Nouvel an 1888. Marantha Waters souffre de tuberculose. C’est dans l’espoir ultime d’une guérison ou, à tout le moins, d’un apaisement de ses symptômes, qu’elle aspire au souffle pur d’une nouvelle vie sur San Miguel. Elle y suit Will, son mari, et emmène avec elle sa fille adoptive, Edith. Là, leur vie sera rythmée par la tonte des moutons, la route à construire, les visites rares. Son univers confortable sur le continent se mue en glissade vers le dénuement et la précarité. Maison délabrée, vents redoutables, solitude croissante, revenus insuffisants. San Miguel, l’île aux oiseaux sauvages, habitat de milliers de phoques et d’éléphants de mer, est un enfer déguisé en paradis. Pour elle comme pour sa fille, l’île devient une prison.

T.C. Boyle décrit dans un mode réaliste classique cet environnement hostile et oppressant, dans une succession d’événements aux abords anodins mais pourtant cruciaux dans la vie quotidienne de ces êtres peu à peu "envahis" par l’île, dégradés, affaiblis. Jusqu’au-boutisme, désespoir, émois adolescents, manipulations, amertume. Les jours s’étirent et s’essoufflent et le récit semble hélas prendre le même pli… Voilà pourtant qu’un renouveau surgit avec, quelque quarante ans plus tard, l’arrivée enthousiaste d’Elise Lester, jeune mariée de trente-huit ans quittant, elle aussi, son confort pour une vie presqu’ascétique sur San Miguel. Herbie, son mari, vétéran énergique de la première Grande Guerre, semble souffrir d’une forme modérée de maniaco-dépression. Pleins d’espoir, ils donneront à l’île, eux aussi, une part d’eux-mêmes avec bienveillance mais, malgré l’effervescence qui entoure ces Robinsons modernes, malgré l’échappatoire aux tragédies des années quarante, malgré la lumière de deux filles nées sur le tard, San Miguel sera encore la plus forte.
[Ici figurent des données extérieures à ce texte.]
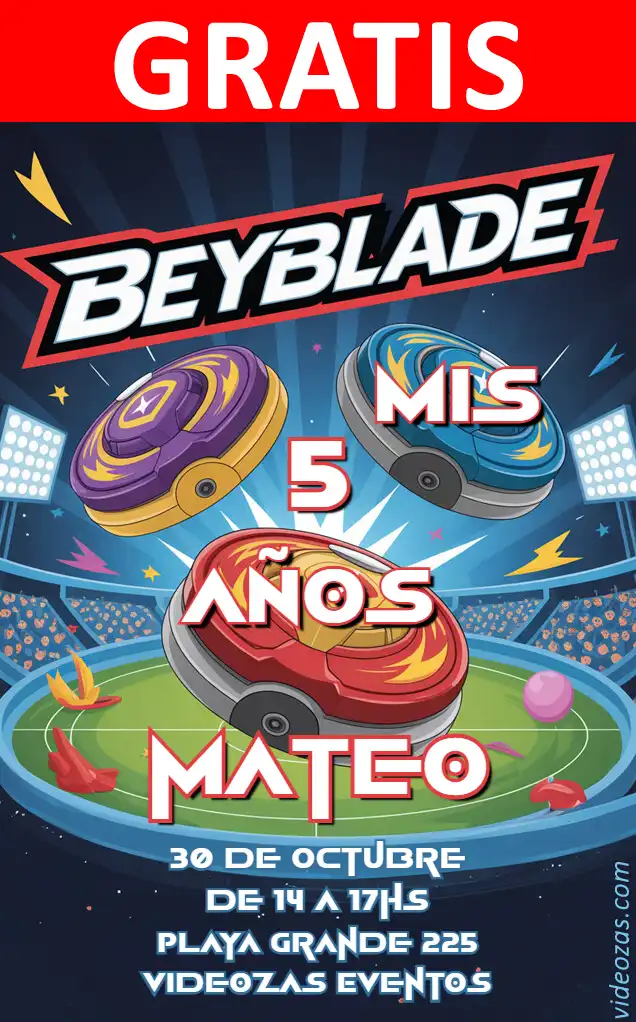 Invitación Beyblade GRATIS | Editable y Personalizable | Fácil y Rápido | Hacer Online Ahora!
Une seconde partie plus dense, plus crédible, plus touchante. L’auteur se base donc sur des faits réels pour aborder la confrontation de l’homme et de la nature, cette symbiose tant désirée et parfois si délicate, si rude, voire impossible, conduisant à la folie. San Miguel figure un laboratoire d’êtres humains tentant de créer et maintenir un univers restreint qu’ils voudraient à leur image. Royaume d’âmes en quête d’absolu, élégie pour ces colons d’un monde à part, San Miguel n’est peut-être pas, pour autant, cette "ode pastorale grandiose"  annoncée en quatrième de couverture. S’attachant à insérer nombreuses références à des romans sentant le vent, l’humus, le drame et la pierre humide (Emily Brontë, Virginia Woolf,…), Boyle sait où piocher pour créer l’atmosphère. On garde pourtant un goût de trop peu entre les longueurs et les pistes abandonnées, les visages de personnages secondaires esquissés en cours de route. Trop et pas assez dans ce roman de 475 pages auquel on ne reprochera pourtant pas une belle tentative d’immersion et de sensibilité.